4. He walks around with a tape cassett player in his breast pocket and earphones around his neck.
5. When we tried to look at the master bedroom, he FLIPPED out, jumped ahead of us, closed the door, and said... "I prefer you not view
this room, I can show you a similar room if you follow me this way..."
D. The Current Owner of Your Possible Future Living Situation Might Be A Psychotic Killer When...
1. When considering the price of the house, you wonder about the cost of excavating for dead bodies.
2. He wouldn't have to leave the comfort of his own home to kill you in the woods, because the woods are conveniently planted around
the house's perimeter...in the middle of suburbia.
3. He's the only one living (or left) in the four bedroom house.
4. You can't look 2 feet in any direction without seeing something dead that used to be alive.
IV. For dinner, I ate a burrito the sice of an ethiopian baby at Taco del Mar. And chips with nacho cheese. And cold stone ice cream.
A. I'm sure you all love the change of pace from me witnessing a Murder Mystery Movie moment to...what I had for dinner.

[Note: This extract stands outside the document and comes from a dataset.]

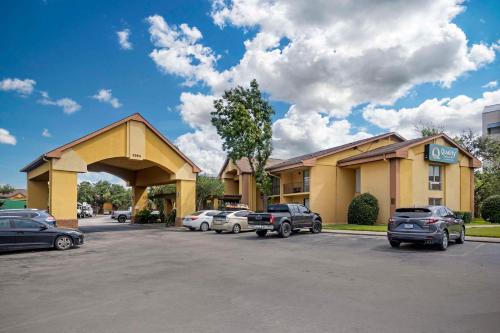 a hotel with cars parked in front of a parking lot at Quality Inn & Suites NRG Park - Medical Center in Houston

B. Just pretend like you're happy about reading of food right after I spent forever and a day describing a real life horror film scenario.
V. I Creepily saw into another room's window with Amy while watching The Office.
A. They were playing football.
B. Don't worry, we know them. It's not as sketch-tastic as it sounds.
In Conclusion, my rating for today's events is: AVERAGE.
wow, just kidding, it was actually completely twilight zone worthy.